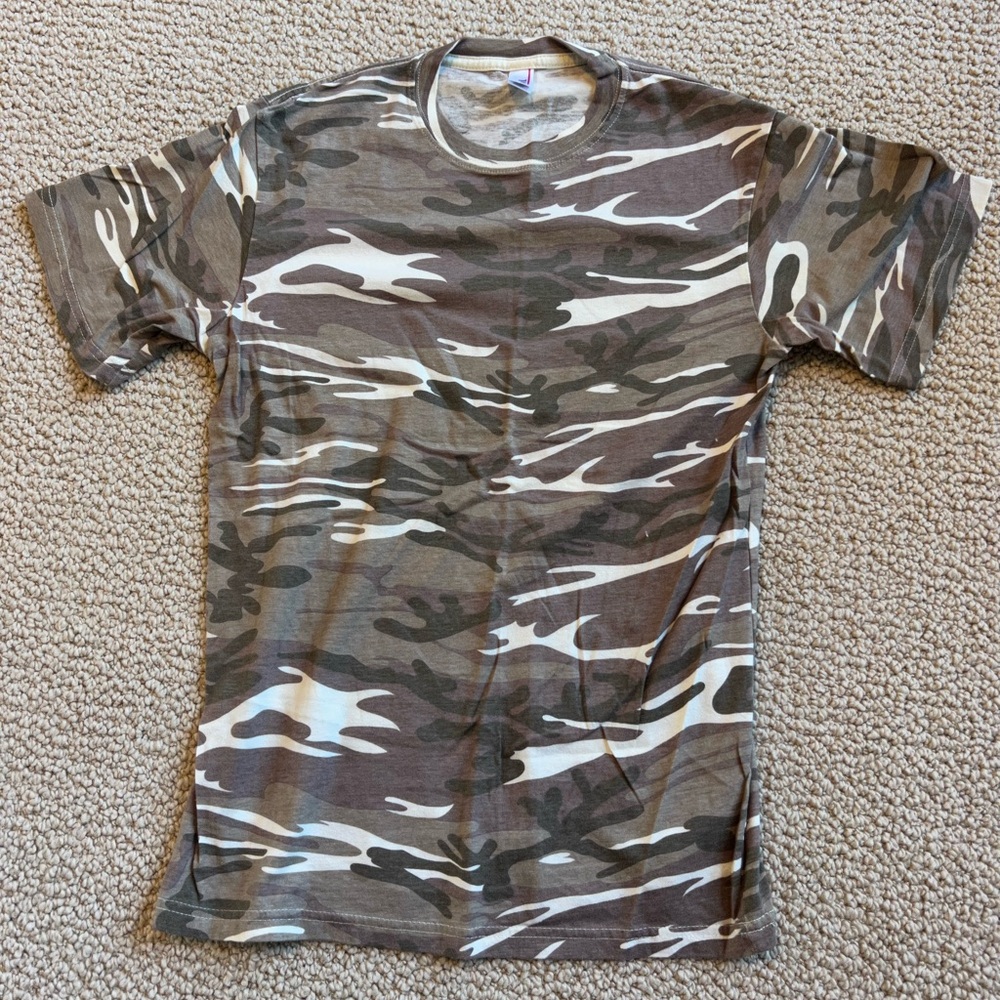 size small camo tee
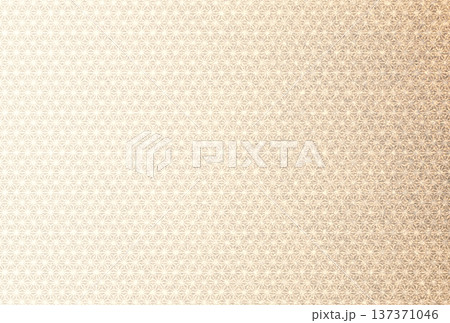 キラキラ輝く繊細な淡い茶色の模様に薄黄色の麻の葉柄を重ねた背景画像14 137371046
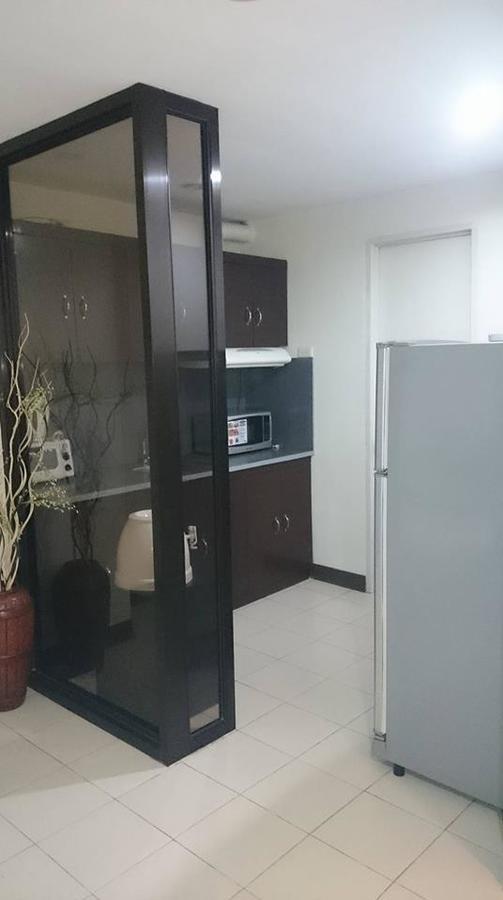 Strawberry Residences Себу Экстерьер фото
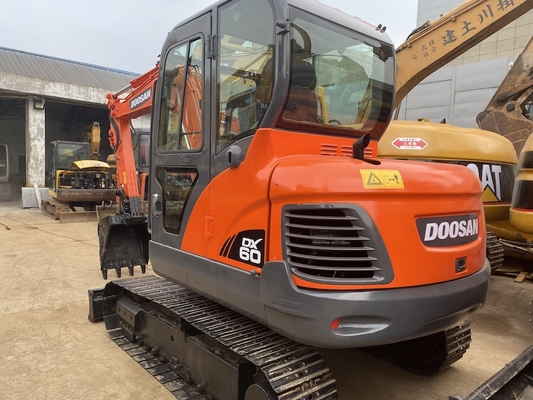 6 تن کاوشگر دريايي دوسان DX60 با قدرت موتور 39.7KW و ظرفیت سطل 0.21m3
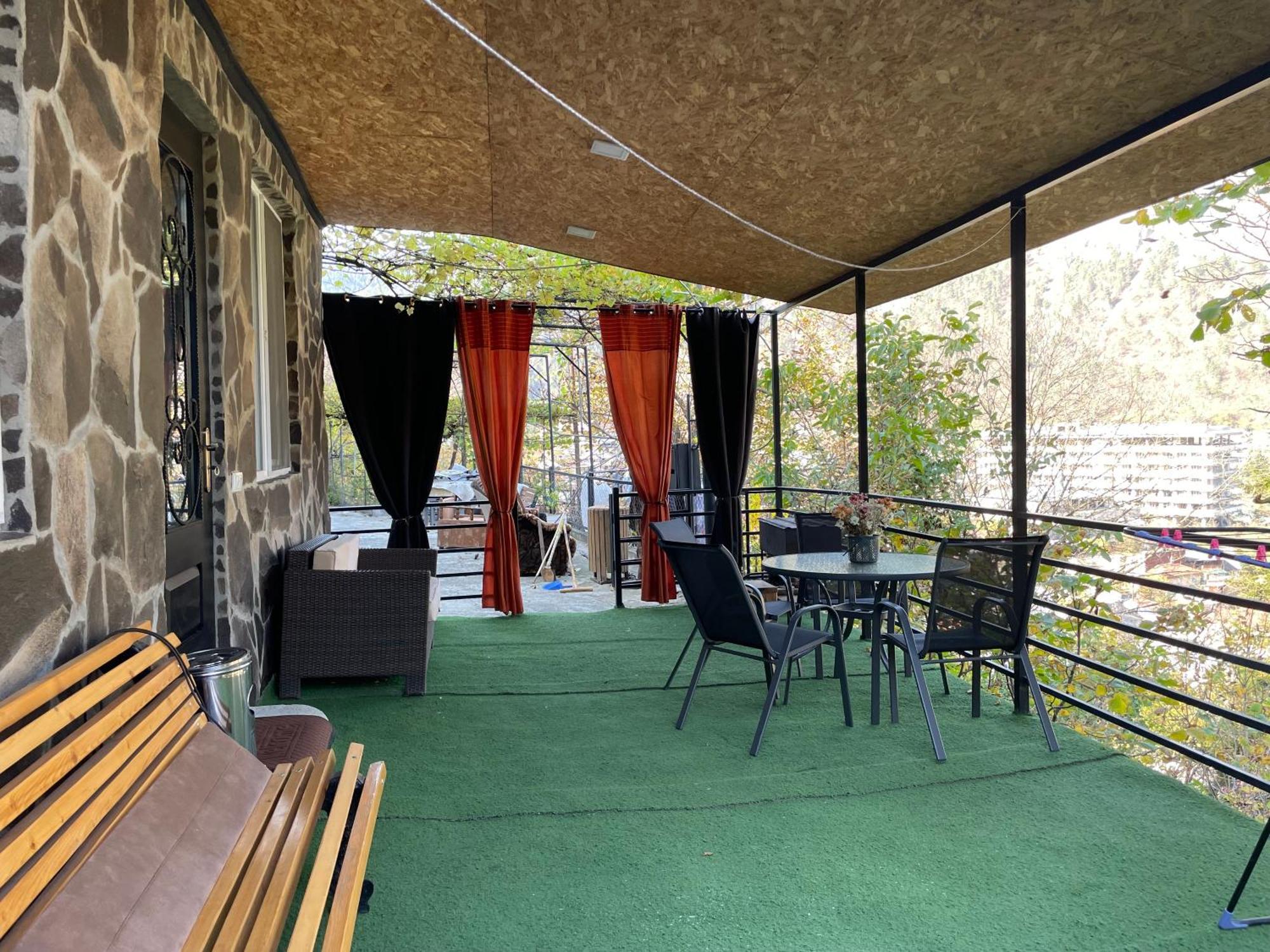 Borjomi Veranda ภายนอก รูปภาพ
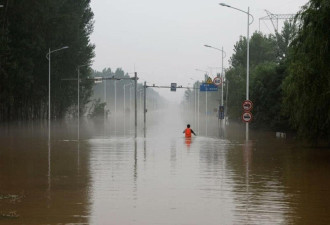 中国北方再度发生洪水 致8人死亡4人失联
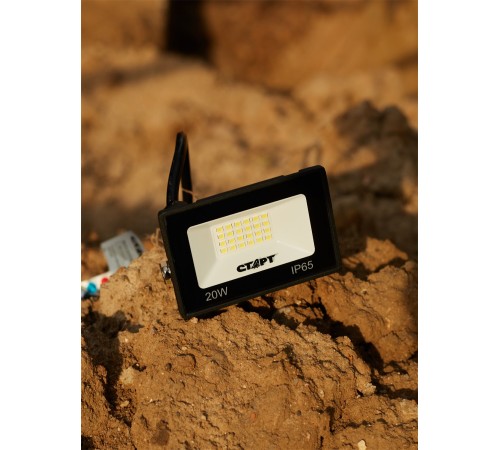 Светодиодный прожектор СТАРТ LED FL 20W65 N - 24, 20Вт, 1700Лм, 6500К, IP65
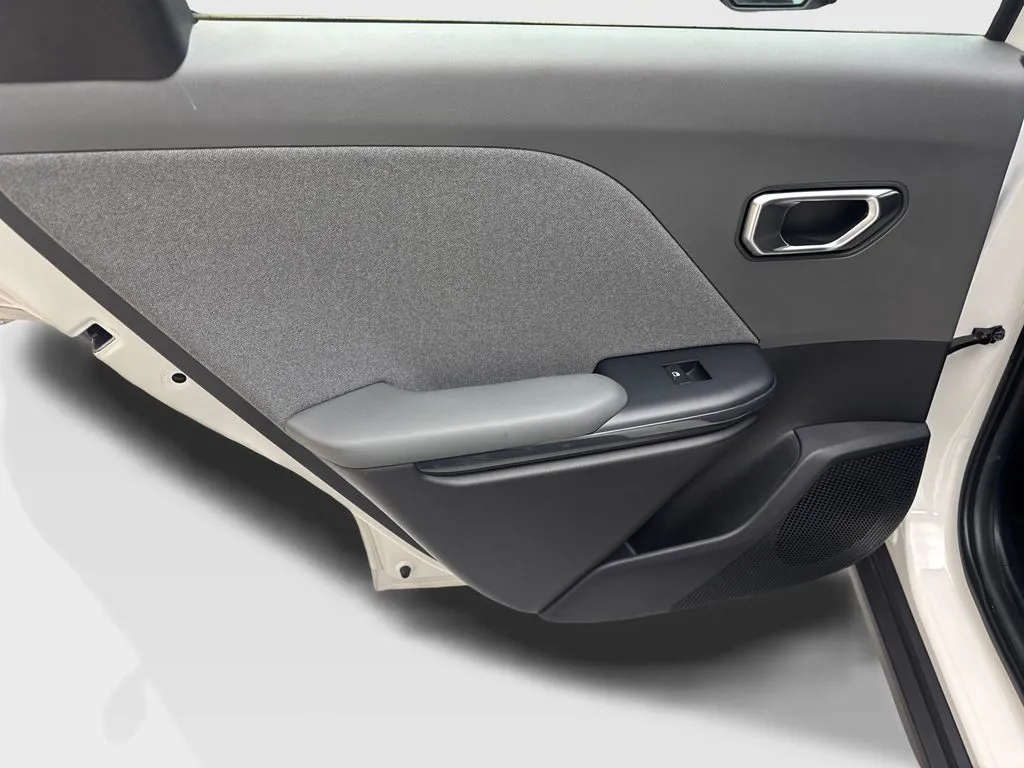 2025 Kia K4 EX - Photo 37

### What you should do
Transcribe exactly the line containing "中国北方再度发生洪水 致8人死亡4人失联" and every line after it through the end of the listing above; pictures are not part of the copy.

### Output for this task
 中国北方再度发生洪水 致8人死亡4人失联
 Светодиодный прожектор СТАРТ LED FL 20W65 N - 24, 20Вт, 1700Лм, 6500К, IP65
 2025 Kia K4 EX - Photo 37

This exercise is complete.